Leitungen schnell überlastet

Die digitalisierte Rechtsdienstleitung wird die Arbeit der staatlichen Behörden immer stärker verändern – wenn die Rahmenbedingen stimmen, wie das Beispiel der Bußgeldverfahren zeigt.

Vor allem im Straßenverkehr kommt es massenhaft zu geringwertigen Verstößen. Nur wenn der Betroffene das Bußgeld nicht akzeptiert, kommt es zu einem gerichtlichen Hauptverfahren, und fast immer geht es nur um die Rechtsfolge, meist um die Höhe des Bußgelds, und nicht um eine aufwendig geführte, strittige Beweisaufnahme. "Ressourcenschonend" könnten diese Verfahren als Videokonferenz geführt werden.

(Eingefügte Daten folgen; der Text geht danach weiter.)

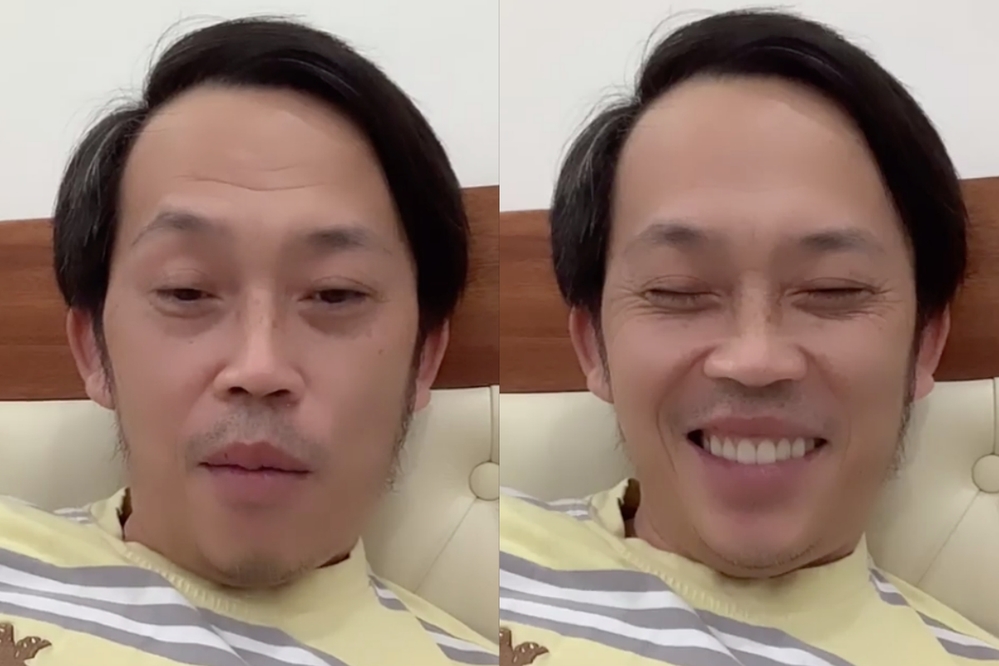 Gương mặt khác lạ khiến nhiều khán giả lo lắng. (Ảnh: Chụp màn hình).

Doch derzeit leidet die Justiz noch unter einem Kapazitätsproblem, sagt Thomas Dickert. Vier bis fünf Verhandlungen per Video könnten derzeit wohl gleichzeitig via Teams stattfinden, dann seien die Leitungen des Justiznetzes überlastet.

Die Hauptverhandlung in einem Strafverfahren als Videokonferenz zu führen, ist rechtlich dagegen nicht möglich. Die Strafprozessordnung schreibt den Unmittelbarkeitsgrundsatz vor – demnach muss sich das Gericht tatsächlich selbst ein Bild vom Angeklagten, den Zeugen und anderen Beweismitteln machen. Der Grundsatz besagt, dass das Gericht alle Beweise selbst erheben muss. So sind etwa Zeugen persönlich zu vernehmen und es dürfen nicht schlichtweg die Protokolle über frühere Vernehmungen verlesen werden. Eine Videovernehmung wie im Saal 141 im Zivilprozess wäre in einem Strafverfahren nicht möglich.